NEW YORK -- What killed off the Neanderthals? It's a big debate, and now a study says that no matter what the answer, they were doomed anyway.
Our close evolutionary cousins enjoyed a long run in Europe and Asia, but they disappeared about 40,000 years ago after modern humans showed up from Africa.
The search for an explanation has produced many theories including climate change, epidemics, or inability to compete with the modern humans, who may have had some mental or cultural edge.
The new study isn't intended to argue against those factors, but just to show that they're not needed to explain the extinction, says Oren Kolodny of Stanford University.
He and colleague Marcus Feldman present their approach in a paper released Tuesday by the journal Nature Communications.
They based their conclusion on a computer simulation that represented small bands of Neanderthals and modern humans in Europe and Asia. These local populations were randomly chosen to go extinct, and then be replaced by another randomly chosen population, with no regard for whether it represented the same species.
Neither species was assumed to have any inherent advantage, but there was one crucial difference: Unlike the Neanderthals, the modern humans were supplemented by reinforcements coming in from Africa. It wasn't a huge wave, but rather "a tiny, tiny trickle of small bands," Kolodny said.
Still, that was enough to tip the balance against the Neanderthals. They generally went extinct when the simulation was run more than a million times under a variety of assumptions.
If survival was a game of chance, "it was rigged by the fact that there's recurring migration," Kolodny said. "The game was doomed to end with the Neanderthals losing."
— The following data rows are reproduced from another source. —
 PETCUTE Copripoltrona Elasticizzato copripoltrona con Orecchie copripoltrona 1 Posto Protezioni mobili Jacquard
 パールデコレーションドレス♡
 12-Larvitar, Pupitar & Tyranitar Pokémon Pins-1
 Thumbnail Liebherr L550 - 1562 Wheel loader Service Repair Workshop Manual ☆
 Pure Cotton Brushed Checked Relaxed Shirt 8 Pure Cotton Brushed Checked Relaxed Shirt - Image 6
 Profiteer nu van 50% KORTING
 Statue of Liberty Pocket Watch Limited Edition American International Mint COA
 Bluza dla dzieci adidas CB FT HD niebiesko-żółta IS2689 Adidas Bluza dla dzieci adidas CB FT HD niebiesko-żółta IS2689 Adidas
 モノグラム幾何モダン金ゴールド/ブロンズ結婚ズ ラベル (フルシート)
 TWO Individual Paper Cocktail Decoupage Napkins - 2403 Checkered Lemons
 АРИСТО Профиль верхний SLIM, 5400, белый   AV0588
Kolodny said the evidence that such migrations actually occurred is suggestive rather than conclusive. Such migrations would not be expected to leave much of an archaeological trace, he said.
Experts in human origins said the paper could help scientists pin down the various factors that led to the Neanderthals' demise. It fits in with other recent attempts to explain the extinction without assuming behavioural differences between Neanderthals and our ancestors, said Wil Roebroeks of the University of Leiden in the Netherlands. The notion of such differences is largely disproven, he said.
Katerina Harvati of the University of Tuebingen in Germany said while the new work could be useful in solving the extinction mystery, it doesn't address the question of why modern humans dispersed from Africa into Europe and Asia. It's important to figure out what was behind that, she said in an email.